---- Records for the task

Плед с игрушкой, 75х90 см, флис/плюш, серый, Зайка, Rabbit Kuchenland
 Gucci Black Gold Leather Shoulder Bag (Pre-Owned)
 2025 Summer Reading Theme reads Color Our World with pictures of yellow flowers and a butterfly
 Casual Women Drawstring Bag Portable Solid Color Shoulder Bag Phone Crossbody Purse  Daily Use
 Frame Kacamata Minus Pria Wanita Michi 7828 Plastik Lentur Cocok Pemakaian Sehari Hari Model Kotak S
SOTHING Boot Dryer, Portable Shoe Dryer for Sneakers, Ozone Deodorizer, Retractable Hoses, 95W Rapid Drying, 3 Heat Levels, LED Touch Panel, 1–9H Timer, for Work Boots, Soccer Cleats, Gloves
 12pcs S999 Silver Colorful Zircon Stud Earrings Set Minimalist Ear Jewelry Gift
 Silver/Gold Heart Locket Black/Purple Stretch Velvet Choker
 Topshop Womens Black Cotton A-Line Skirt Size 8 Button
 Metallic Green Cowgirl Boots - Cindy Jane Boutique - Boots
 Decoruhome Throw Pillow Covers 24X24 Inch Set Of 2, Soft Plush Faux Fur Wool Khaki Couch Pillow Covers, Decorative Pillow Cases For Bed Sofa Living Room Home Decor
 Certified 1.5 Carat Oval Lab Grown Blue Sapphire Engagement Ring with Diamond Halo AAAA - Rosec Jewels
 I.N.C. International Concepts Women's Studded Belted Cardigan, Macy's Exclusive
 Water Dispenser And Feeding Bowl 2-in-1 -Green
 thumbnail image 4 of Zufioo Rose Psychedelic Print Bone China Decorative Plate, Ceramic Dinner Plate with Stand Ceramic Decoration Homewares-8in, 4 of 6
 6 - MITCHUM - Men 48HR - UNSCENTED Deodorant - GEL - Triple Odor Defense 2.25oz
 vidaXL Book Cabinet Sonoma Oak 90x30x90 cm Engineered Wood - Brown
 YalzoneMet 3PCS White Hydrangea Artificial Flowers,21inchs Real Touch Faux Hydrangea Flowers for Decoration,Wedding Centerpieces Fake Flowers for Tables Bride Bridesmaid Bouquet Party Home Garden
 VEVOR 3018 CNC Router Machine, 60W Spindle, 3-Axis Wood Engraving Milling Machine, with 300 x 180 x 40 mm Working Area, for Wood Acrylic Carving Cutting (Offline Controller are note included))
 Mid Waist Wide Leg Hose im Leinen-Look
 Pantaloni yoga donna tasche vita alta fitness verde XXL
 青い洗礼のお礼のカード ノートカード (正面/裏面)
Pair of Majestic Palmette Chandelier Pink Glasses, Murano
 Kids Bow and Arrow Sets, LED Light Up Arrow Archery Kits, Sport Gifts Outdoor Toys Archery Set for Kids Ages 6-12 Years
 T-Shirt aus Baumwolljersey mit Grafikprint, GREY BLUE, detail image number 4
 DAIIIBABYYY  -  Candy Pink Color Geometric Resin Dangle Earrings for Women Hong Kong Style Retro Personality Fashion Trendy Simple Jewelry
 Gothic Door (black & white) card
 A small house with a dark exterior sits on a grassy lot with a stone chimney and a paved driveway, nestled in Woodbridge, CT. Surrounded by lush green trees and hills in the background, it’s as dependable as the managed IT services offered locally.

--------

▸ **Problem details**: Retype the entries above exactly, but only from the line containing "2025 Summer Reading" through the line containing "Metallic Green Cowgirl", both included.

▸ **Task response**:
 2025 Summer Reading Theme reads Color Our World with pictures of yellow flowers and a butterfly
 Casual Women Drawstring Bag Portable Solid Color Shoulder Bag Phone Crossbody Purse  Daily Use
 Frame Kacamata Minus Pria Wanita Michi 7828 Plastik Lentur Cocok Pemakaian Sehari Hari Model Kotak S
SOTHING Boot Dryer, Portable Shoe Dryer for Sneakers, Ozone Deodorizer, Retractable Hoses, 95W Rapid Drying, 3 Heat Levels, LED Touch Panel, 1–9H Timer, for Work Boots, Soccer Cleats, Gloves
 12pcs S999 Silver Colorful Zircon Stud Earrings Set Minimalist Ear Jewelry Gift
 Silver/Gold Heart Locket Black/Purple Stretch Velvet Choker
 Topshop Womens Black Cotton A-Line Skirt Size 8 Button
 Metallic Green Cowgirl Boots - Cindy Jane Boutique - Boots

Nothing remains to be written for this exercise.